Water quality index for assessment of drinking groundwater purpose case study: area surrounding Ismailia Canal, Egypt

  • Hend Samir Atta   ORCID: orcid.org/0000-0001-5529-0664 1 ,
  • Maha Abdel-Salam Omar 1 &
  • Ahmed Mohamed Tawfik 2  

Journal of Engineering and Applied Science volume  69 , Article number:  83 ( 2022 ) Cite this article

7124 Accesses

19 Citations

Metrics details

The dramatic increase of different human activities around and along Ismailia Canal threats the groundwater system. The assessment of groundwater suitability for drinking purpose is needed for groundwater sustainability as a main second source for drinking. The Water Quality Index (WQI) is an approach to identify and assess the drinking groundwater quality suitability.

The analyses are based on Pearson correlation to build the relationship matrix between 20 variables (electrical conductivity (Ec), pH, total dissolved solids (TDS), sodium (Na), potassium (K), calcium (Ca), magnesium (Mg), chloride (Cl), carbonate (CO 3 ), sulphate (SO 4 ), bicarbonate (HCO 3 ), iron (Fe), manganese (Mn), zinc (Zn), copper (Cu), lead (Pb), cobalt (Co), chromium (Cr), cadmium (Cd), and aluminium (Al). Very strong correlation is found at [Ec with Na, SO 4 ] and [Mg with Cl]; strong correlation is found at [TDS with Na, Cl], [Na with Cl, SO 4 ], [K with SO 4 ], [Mg with SO 4 ] and [Cl with SO 4 ], [Fe with Al], [Pb with Al]. The water type is Na–Cl in the southern area due to salinity of the Miocene aquifer and Mg–HCO 3 water type in the northern area due to seepage from Ismailia Canal and excess of irrigation water.

The WQI classification for drinking water quality is assigned with excellent and good groundwater classes between km 10 to km 60, km 80 to km 95 and the adjacent areas around Ismailia Canal. While the rest of WQI classification for drinking water quality is assigned with poor, very poor, undesirable and unfit limits which are assigned between km 67 to km 73 and from km 95 to km 128 along Ismailia Canal.

Introduction

Nowadays, groundwater has become an important source of water in Egypt. Water crises and quality are serious concerns in a lot of countries, particularly in arid and semi-arid regions where water scarcity is widespread, and water quality assessment has received minimal attention [ 3 , 9 ]. So, it is important to assess the quality of water to be used, especially for drinking purposes.

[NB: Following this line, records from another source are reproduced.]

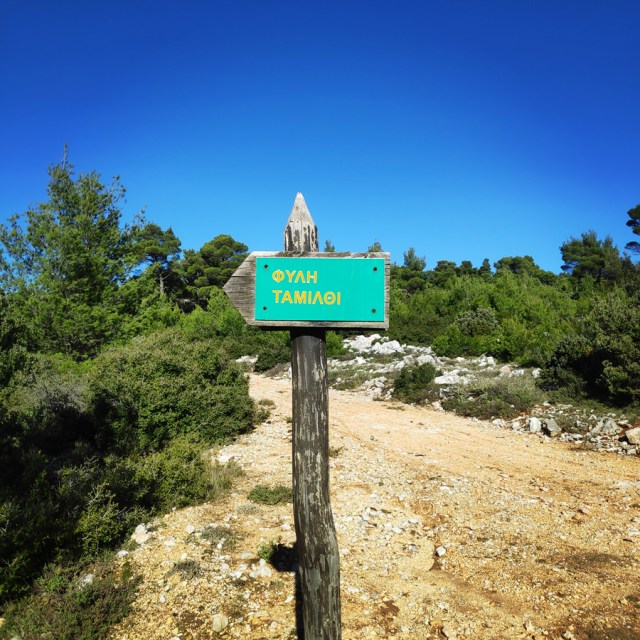 Parntha_Agios_Kiprianos_Koromilia_Tamilthi_Alogopetra_185936_895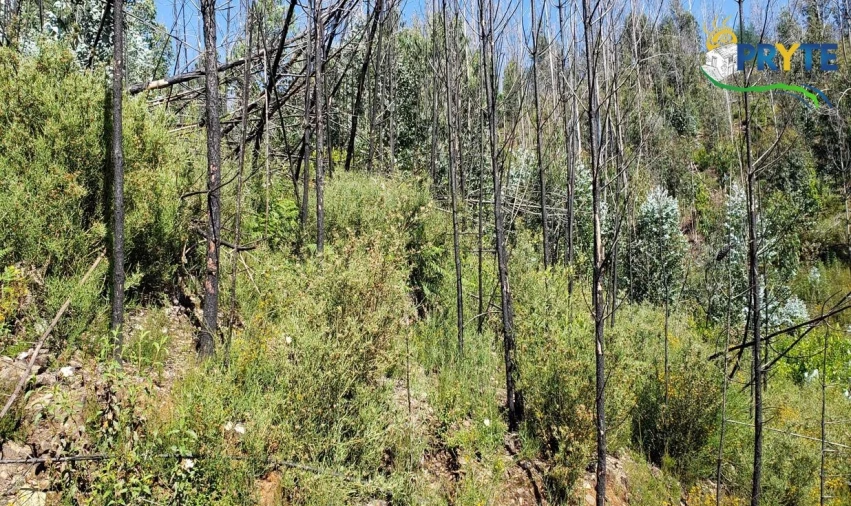 Terreno para Venda em Troviscal Foto 5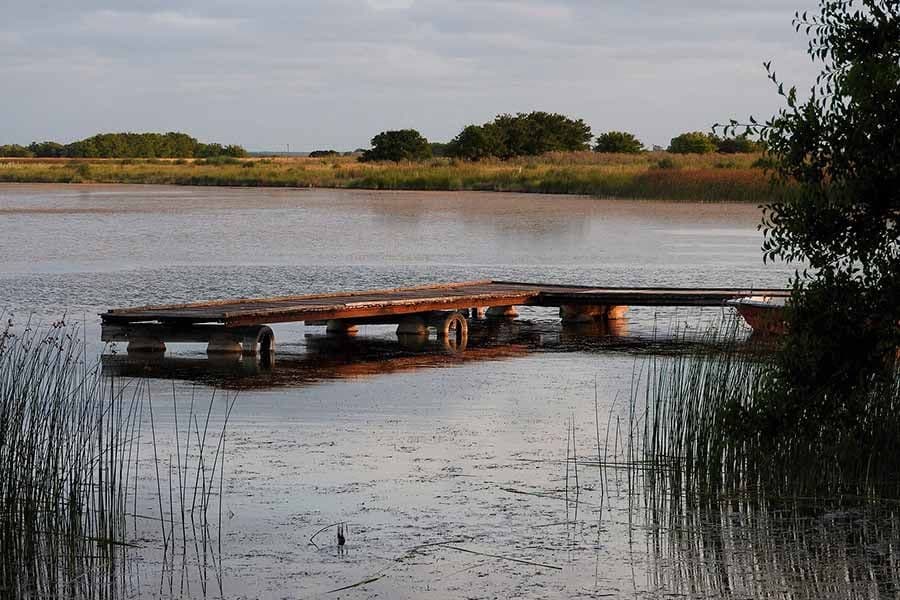 Observación de naturaleza, cada vez más entusiasmos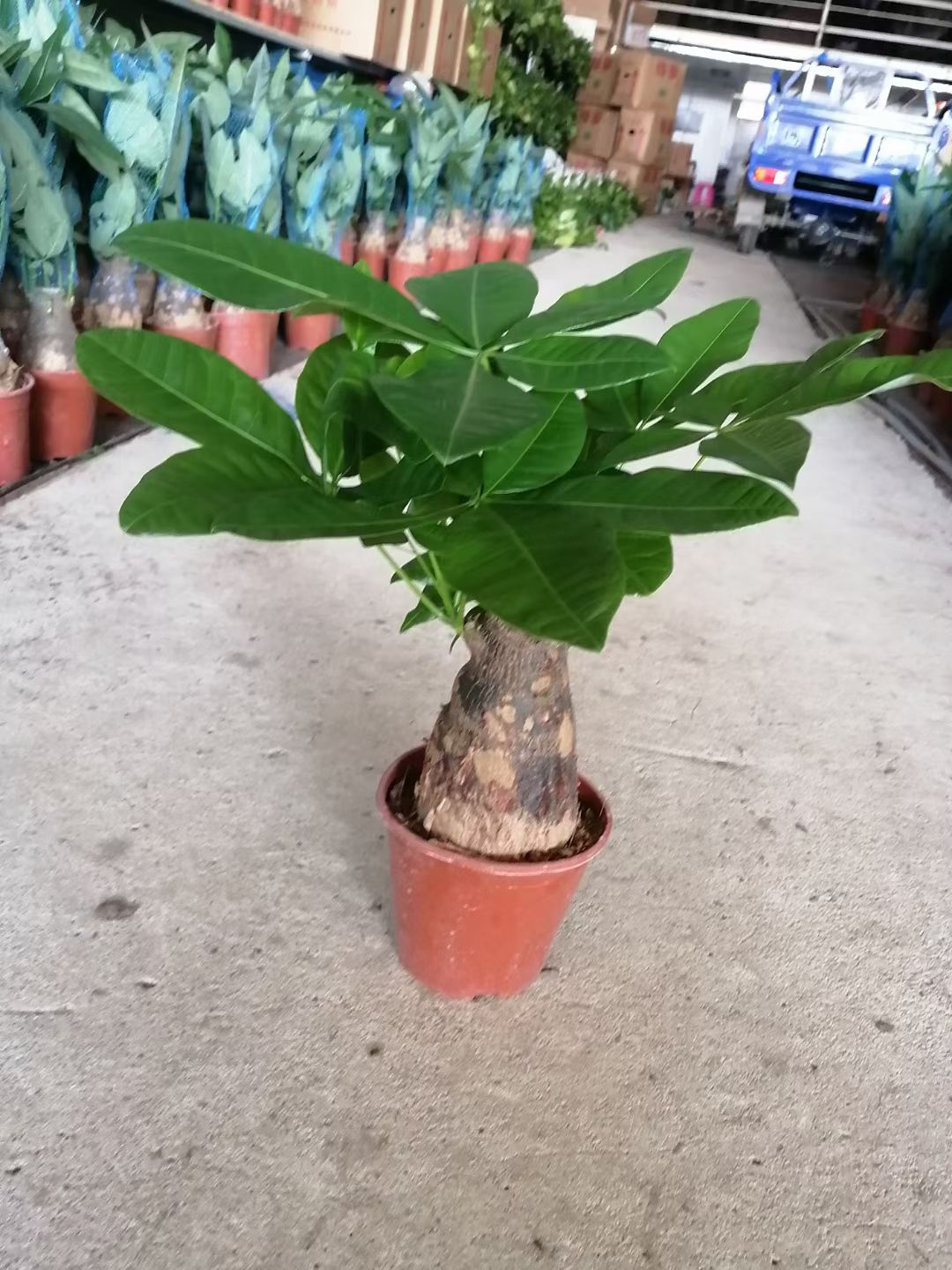 湛江基地直销精品小货发财树
当天下单当天发货
各式各样规格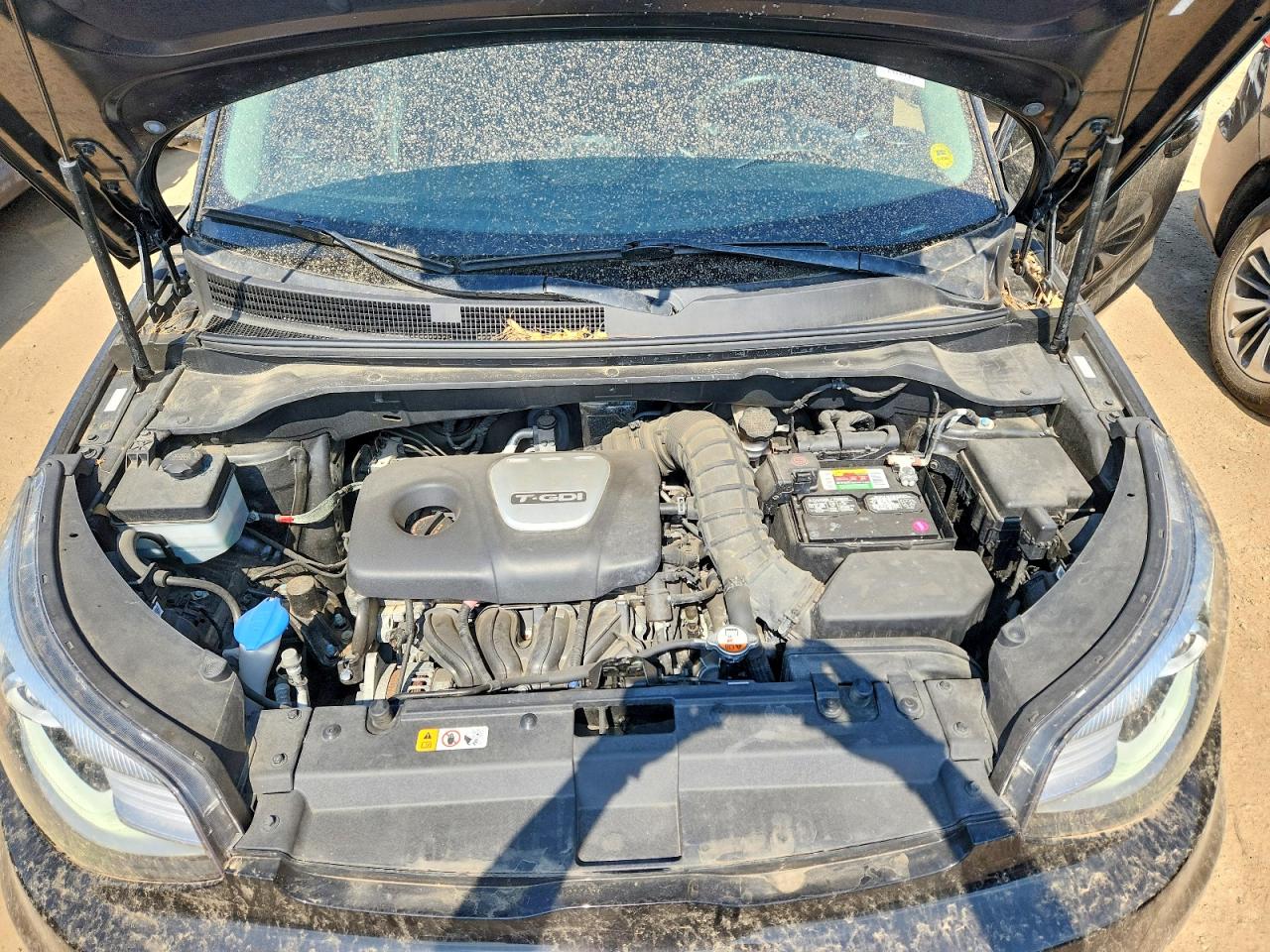 Kia Soul !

Poor hydrogeological conditions have been encountered causing adverse impacts on threatening the adjacent groundwater aquifer under the Ismailia Canal. The groundwater quality degradation is due to rapid urban development, industrialization, and unwise water use of agricultural water, either groundwater or surface water.

As groundwater quality is affected by several factors, an appropriate study of groundwater aquifers characteristics is an essential step to state a supportable utilization of groundwater resources for future development and requirements [ 11 , 12 ]. It is important that hydrogeochemical information is obtained for the region to help improving the groundwater management practices (sustainability and protection from deterioration) [ 17 ].

Many researchers have paid great attention to groundwater studies. In the current study area, the hydrogeology and physio-hydrochemistry of groundwater in the current study area had been previously discussed by El Fayoumy [ 15 ] and classified the water to NaCl type; Khalil et al. [ 27 ] stated that water had high concentration of Na, Ca, Mg, and K. Geriesh et al. [ 21 ] detected and monitored a waterlogging problem at the Wadi El Tumilate basin, which increased salinity in the area. Singh [ 34 ] studied the problem of salinization on crop yield. Awad et al. [ 7 ] revealed that the groundwater salinity ranges between 303 ppm and 16,638 ppm, increasing northward in the area.

Various statistical concepts were used to understand the water quality parameters [ 24 , 28 , 35 ].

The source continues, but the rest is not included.